Non-Gestational Choriocarcinoma with Widespread Metastases Presenting with Type 1 Respiratory Failure in a 39-Year-Old Female: Case Report and Review of the Literature

Non-gestational choriocarcinoma (NGCC) is an extremely rare tumour which carries a worse prognosis when compared with gestational choriocarcinoma (GCC) [1]. We report the case of a young female presenting in extremis with type 1 respiratory failure.

A 39-year-old Caucasian female presented with acute respiratory distress with a 1-month history of shortness of breath and pleuritic chest pain. Past medical history included anxiety, depression, heavy smoking of both cigarettes and cannabinoids, and one successful pregnancy 16 years previously.

In addition to two discrete masses in the right breast, examination revealed a clear chest and upper abdominal tenderness. She was requiring 9 L of oxygen to maintain appropriate saturations.

A chest X-ray displayed multiple opacifications suspicious for metastases and a left pleural effusion. Cross-sectional imaging reported extensive metastatic disease affecting the lung, liver, spleen, kidneys and pancreas, subcutaneous tissue in the right posterolateral chest, left flank and breast (Fig. 1). A dominant 12-cm mass in the lingula and evidence of marked emphysema for her age raised the possibility of a lung primary with extensive spread. Reproductive organs were reported as normal. A breast ultrasound revealed a 22 × 8 mm haematoma and a suspicious 12 × 11 mm lesion with increased vascularity, which was subsequently biopsied.

Aside from a microcytic anaemia and a mildly raised alanine aminotransferase, routine blood tests were unremarkable. In view of her age and chest X-ray appearances, a urinary pregnancy test was performed to exclude trophoblastic disease, which was positive, prompting urgent tumour markers (Table 1).

Initial histological report suggested cohesive sheets of cells showing marked nuclear pleomorphism and moderate amounts of eosinophilia with focally clear cytoplasm. Scattered multinuclear giant cells were noted with large areas of necrosis although the typical biphasic pattern of choriocaricinoma was not prominent.

Immunohistochemistry received on day 5 of admission confirmed a carcinoma with strong expression of pancytokeratin (AE1/3, MNF116), CK7, CD10, P63 and showed focal positivity for human chorionic gonadroptropin (hCG). In addition to this, the tumour was negative for CK 20, CDX-2, S-100, ER, PR, thyroid transcription factor (TTF)-1, GCDFP-1, and PLAP. Differentials included GCC or choriocarinomatous differentiation in a carcinoma, with lung and breast being the most likely primaries.
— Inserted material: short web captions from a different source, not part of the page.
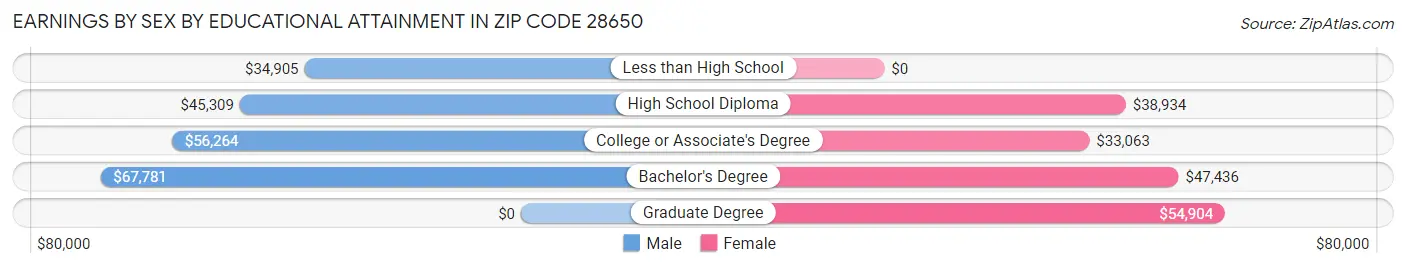Earnings by Sex by Educational Attainment in Zip Code 28650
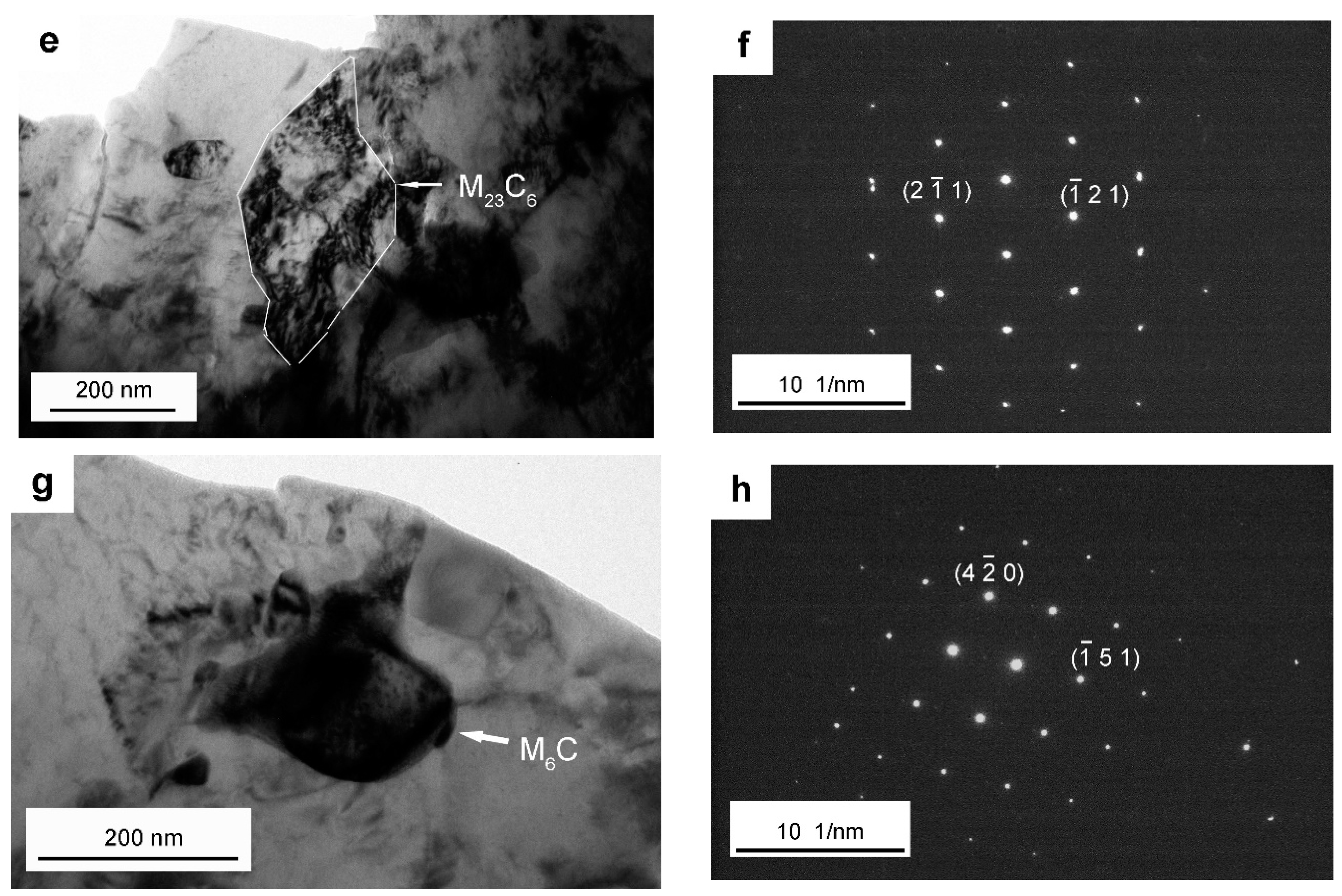 Materials 15 06448 g005b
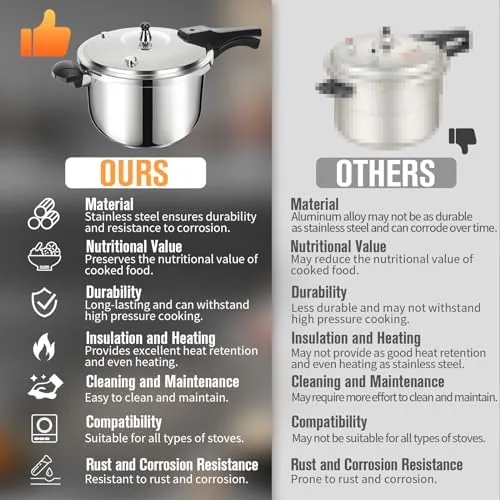 The steam release valve and safeguard device on top of the pressure cooker lid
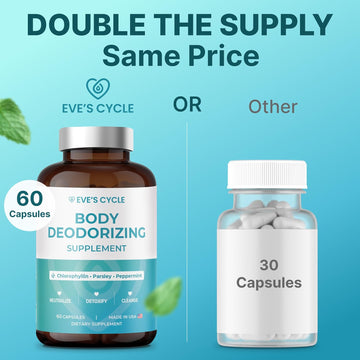 Body Deodorizing Supplement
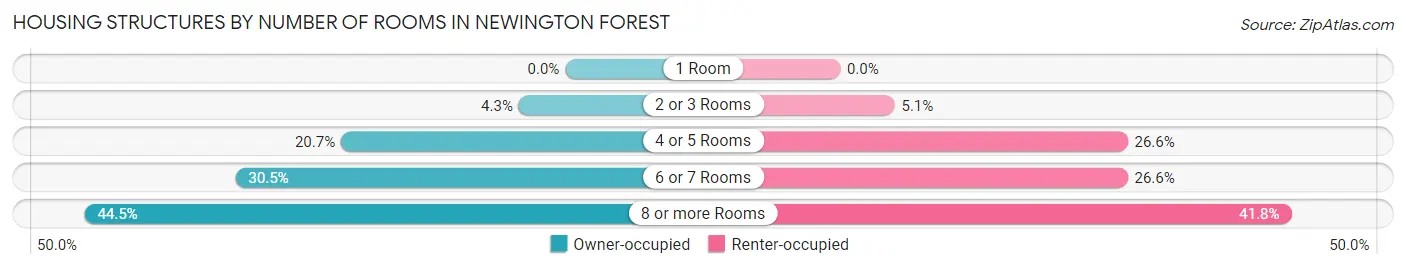 Housing Structures by Number of Rooms in Newington Forest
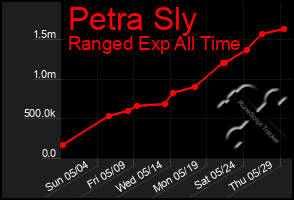Total Graph of Petra Sly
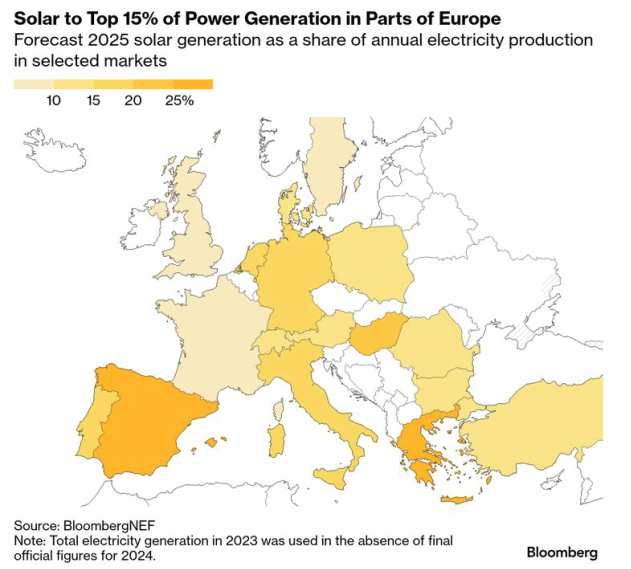 รูปที่ 23 ผลิตไฟฟ้าจากโซล่าร์ในแต่ละประเทศในยุโรป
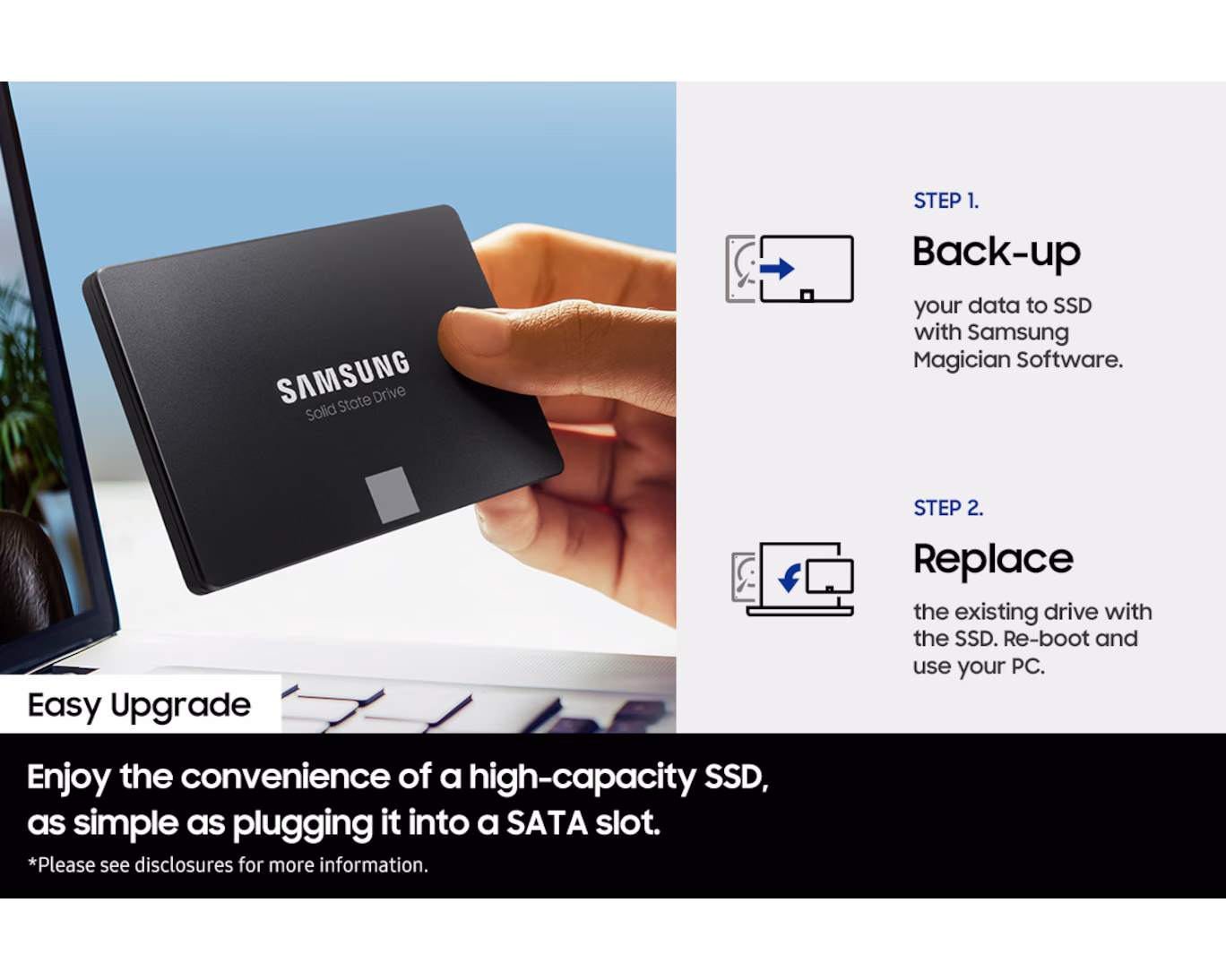 Samsung випустила SSD 870 EVO на 8 ТБ: характеристики та ціна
The pathology was sent to Charing Cross for a second opinion where molecular genotyping was requested.

The patient’s respiratory function deteriorated significantly during the first 72 h of admission and she was initiated on nasal high-flow ventilation. A repeat chest X-ray at this time suggested disease progression as shown below (Fig. 2). On day 7, following notification from Charing Cross that the tumour could be consistent with a choriocarcinoma, chemotherapy with cisplatin and etoposide was commenced. After continued desaturation despite maximal non-invasive ventilation and increasing agitation, it was decided with the patient and her family to focus on symptom control. She sadly passed away on day 11 of admission. No post-mortem was undertaken.

On day 40 after presentation, molecular genotyping confirmed a non-gestational trophoblastic tumour, with the absence of paternal alleles, resulting from choriocarcinomatous differentiation within a high-grade primary tumour.

Choriocarcinoma is a rare, extremely malignant trophoblastic cancer characterised by the presence of two cell lines: cytotrophoblasts, which are primitive mononuclear trophoblastic stem cells, and syncytiotrophoblasts, which are multinucleated cells differentiating from the fusion of underlying cytotrophoblasts and secrete β-hCG [2]. The most common form of choriocarcinoma is gestational, arising from the trophoblast of any type of gestational event. It follows a hydatidiform mole, normal pregnancy or spontaneous abortion in decreasing frequency [3].

NGCCs are exceedingly rare, arising from pluripotent germ cells in the gonads or midline structures (for example, mediastinum) or in association with poorly differentiated somatic carcinomas [2]. Primaries reported include lung, cervix, endometrium, breast, bladder, and gastrointestinal tract [2, 4-6].

Accurate differentiation between GCC and NGCC is key, as NGCC carries a worse prognosis and is historically less chemosensitive [2]. GCCs are notorious for haematological spread with metastasis most often seen in the lungs (80%), pelvis, vagina, liver, kidneys, and spleen. NGCCs metastasise predominantly via the lymphatic system. As there are no distinctive immunohistochemical or microscopic differences between the two tumour types, delays in the diagnosis of NGCC are common, as seen in our case, particularly in women of childbearing age [7, 8]. DNA analysis and cytogenetics are therefore used to distinguish between the two entities; the exclusion of non-maternal DNA within the tumour confirms NGCC [8].

In this case, molecular genotyping performed at Charing Cross confirmed an NGCC, likely arising from a high-grade carcinoma. In a study of 438 patients with trophoblastic disease treated with EMA-CO (etoposide, methotrexate, actinomycin D, cyclophosphamide, and vincristine) chemotherapy at Charing Cross Gestational Trophoblastic Disease Centre, 6 cases of NGCC were reported [1]. The majority (83%) arose from the lung (4 non-small cell, 1 small cell) and carried an extremely poor prognosis with 100% mortality as a result of drug-resistant disease [1]. This is compared with low- and high-risk gestational trophoblastic disease, with overall survival rates of 99.6 and 94.3%, respectively [1].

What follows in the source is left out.